What evidence exists that this is beneficial?
Rats with long bone fractures, treated with PRP had an earlier return to function than those treated with saline. Similarly, experimental rats with tympanic membrane perforations had a more rapid return of function that untreated rats. Finally, of more potential interest to criticalists, the use of PRP appeared to improve the colonic strength following a colonic anastomosis in rats.

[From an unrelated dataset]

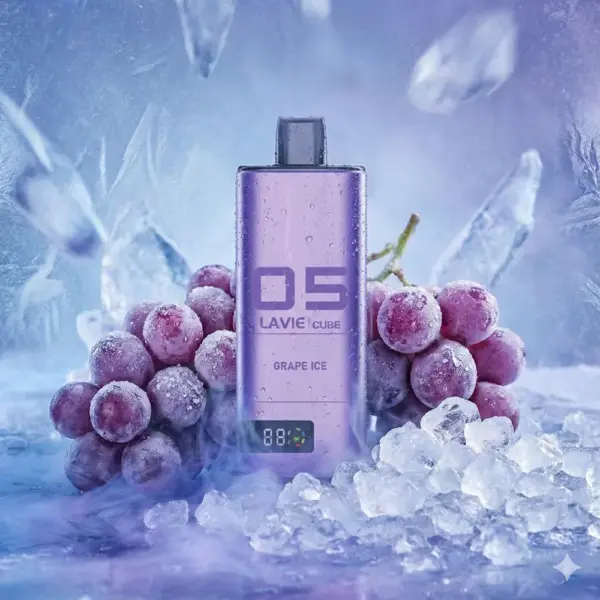 グレープアイス（ニコチンベイプ5%）｜LAVIE CUBE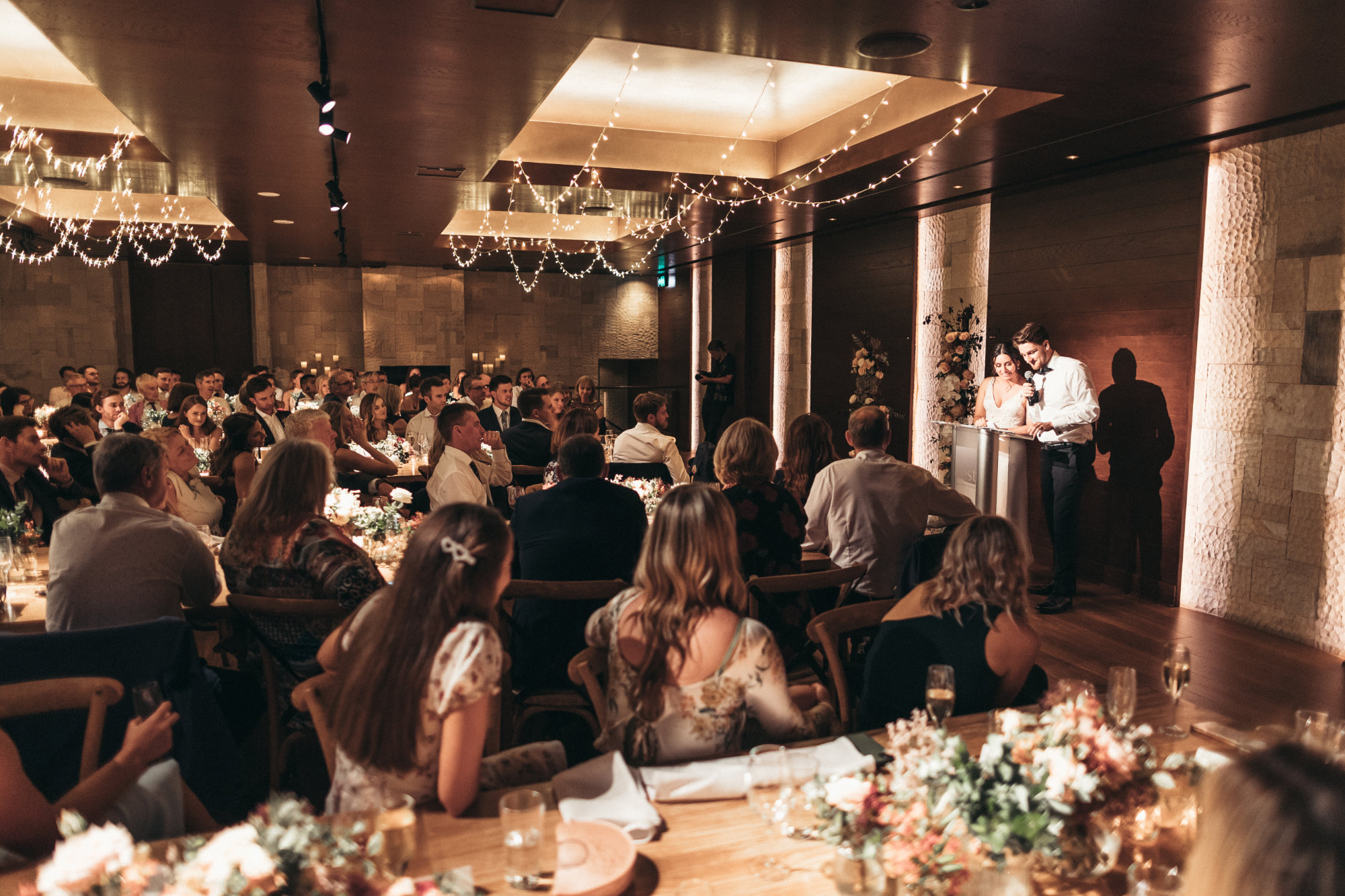 Wedding at Zest Waterfront Venues The Spit, Sydney. Photo by Sam Venn Photography. Georgie & Mitch.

In 20 patients with Jumper's knee (chronic patellar tendonosis), there was significant improvement in 6 months. In bones, a meta analysis concluded that "Early clinical results suggest that the use of platelet-rich plasma is safe and feasible, but that at present there is no clinical evidence of benefit in either acute or delayed fracture healing" (Griffin) In people with diabetic foot ulcers, delayed healing of such ulcers is ultimately associated with amputation. One small study of cost-effectiveness (Dougherty) suggested that the use of PRP was associated with an increased quality of life and lower cost. However, this clinically has not yet been performed.
In wounds, one study found that traumatic wounds healed more quickly when treated with PRP, while in another study, the application of PRP to the puncture site reduced complication (infection) at the site of cardiac catheterizations.
Two horse studies have been performed. One study concluded that in small wounds on the limbs, PRP was of no benefit, while in another horse study, injection of PRP into the midbody suspensory ligament desmitis in Standardbreds, that there was improvement. A single study of a non-healing tail wound in a dog showed improved healing after the introduction of PRP therapy.